Hajnówka (; , Hajnaŭka; , Hainivka; , Hachnovka; ) is a town and a powiat seat in eastern Poland (Podlaskie Voivodeship) with 21,442 inhabitants (2014). It is the capital of Hajnówka County. The town is also notable for its proximity to the Białowieża Forest, the biggest primaeval forest in Europe. Through Hajnówka flows the river Leśna Prawa (). It is one of the centres of Orthodox faith and a notable centre of Belarusian culture in Poland.
Belarusians comprised 26.4% of the town's population in 2002.

It is one of five Polish/Belarusian bilingual Gmina in Podlaskie Voivodeship regulated by the Act of 6 January 2005 on National and Ethnic Minorities and on the Regional Languages, which permits certain gminas with significant linguistic minorities to introduce a second, auxiliary language to be used in official contexts alongside Polish.

History
For a more detailed history of Białowieża and the area see: Białowieża Forest

As a village, it was founded some time in the 16th century as a single house of a forest ward, by a certain Hajno, who was one of the royal officers protecting the Białowieża Forest. In 1589 whole forest became a private property of the royal court and the number of forest workers settled in the area started to grow.
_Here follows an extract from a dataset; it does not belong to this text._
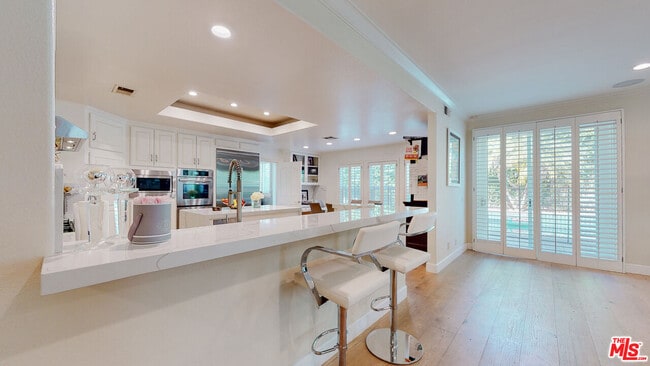 Building Photo - 4950 Densmore Ave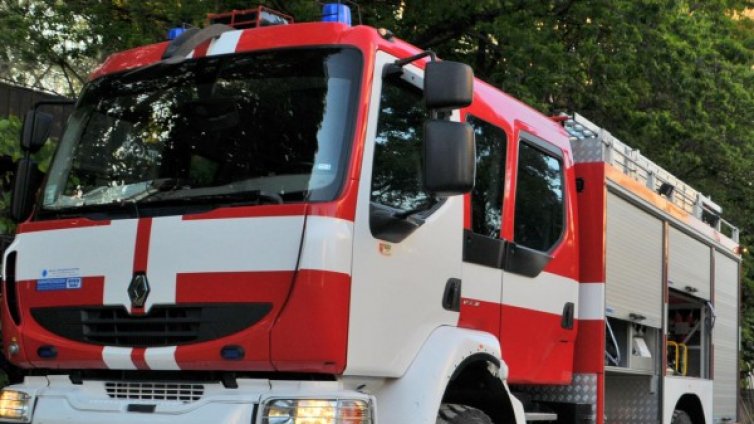 Пътнически автобус горя в Бобошево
However, the forest protection (it was most probably the first forest reserve in the world) prevented the area from economical growth and so the village was limited to a number of wooden huts at the western end of the forest. It mostly shared the history of other similar settlements in the area, including Białowieża itself.
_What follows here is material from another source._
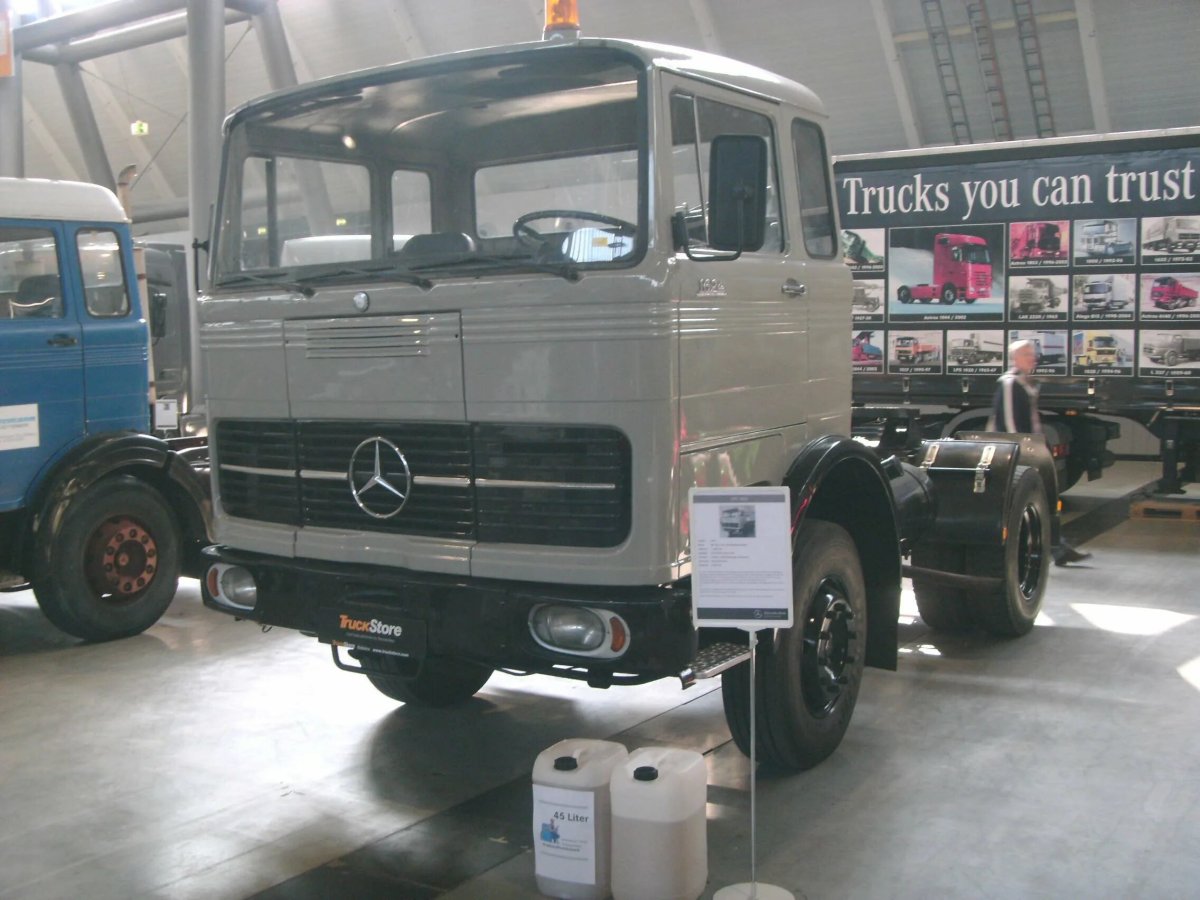 Mercedes Benz 1624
After the Partitions of Poland of late 18th century the area was annexed by Kingdom of Prussia and Russian Empire in 1795 (the border of the partitioning powers, Prussian and Russian, ran on the territory of today's town). In 1807, the Duchy of Warsaw was created, but the territory of Hajnówka (Białystok region) was handed over in full to Russia. After the fall of the Duchy of Warsaw in 1815, Hajnówka remained in the hands of tsarist Russia. The tsarist authorities abolished the forest protection, but the development of the area did not start. As most of the foresters, who worked in the forest, took part in the November Uprising of 1831 against Russia (500 out of 502 in total), their positions were abolished and the people were exiled to Siberia. The protection of the forest was affected. The village, as a matter of fact, ceased its existence. Protection was reintroduced in 1860 and the village was repopulated with Russian officials. In 1888 it became property of the tsarist family.
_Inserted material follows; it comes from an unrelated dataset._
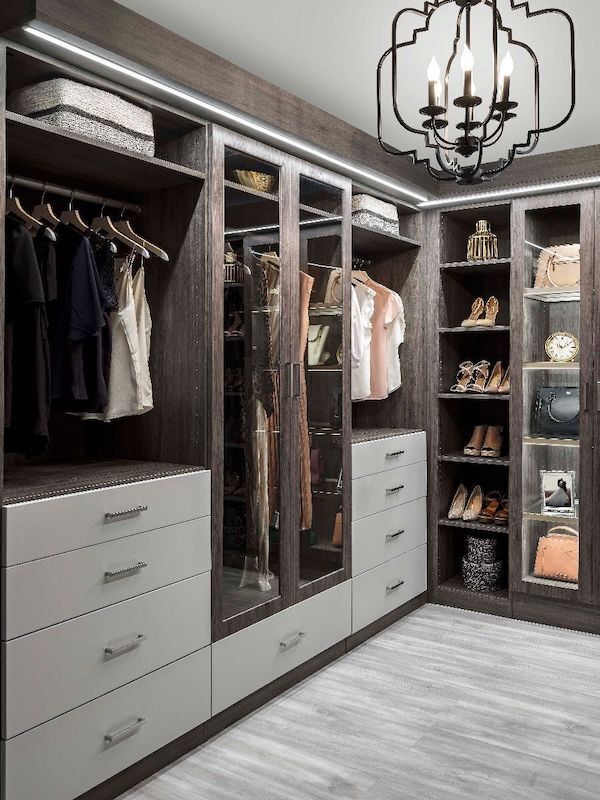 14 Must-Have Walk-In Closet Design Features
Between 1894 and 1906 the village was connected with the world by a railroad linking Bielsk Podlaski and Siedlce with Wołkowysk. Hajnówka became a minor transport junction and in 1900 a road was built between Białowieża and Bielsk Podlaski. During World War I, in 1915, the area was captured by the German Empire. Protection of the forest was ceased. The new authorities started large-scale industrial exploitation of the area's nature resources. Because of its nodal position, Hajnówka became a seat of two lumber-mills, wood spirit distillery and a major train station for  of narrow gauge railways were built across the forest.

In 1919, during the early stages of the Polish-Bolshevik War, the area was handed over to Poland by the local Ober-Ost commander. The predatory exploitation of the forest was put to an end and all German-built factories in the area became nationalised. After the war, some of them were rented by the Polish government under a contract to the British company The Century European Timber Corporation. However, in the late 1920s the contract was canceled and the wood processing plants came back under state control, while the Terbenthen factory was sold to a private owner. Since then, the economic growth started and the village started to grow too. Hard work, but also decent salaries in wood processing plants attracted many settlers from various parts of Poland. The initial conglomerate of wooden huts, barracks, tents and narrow, wood-paved streets turned into a town.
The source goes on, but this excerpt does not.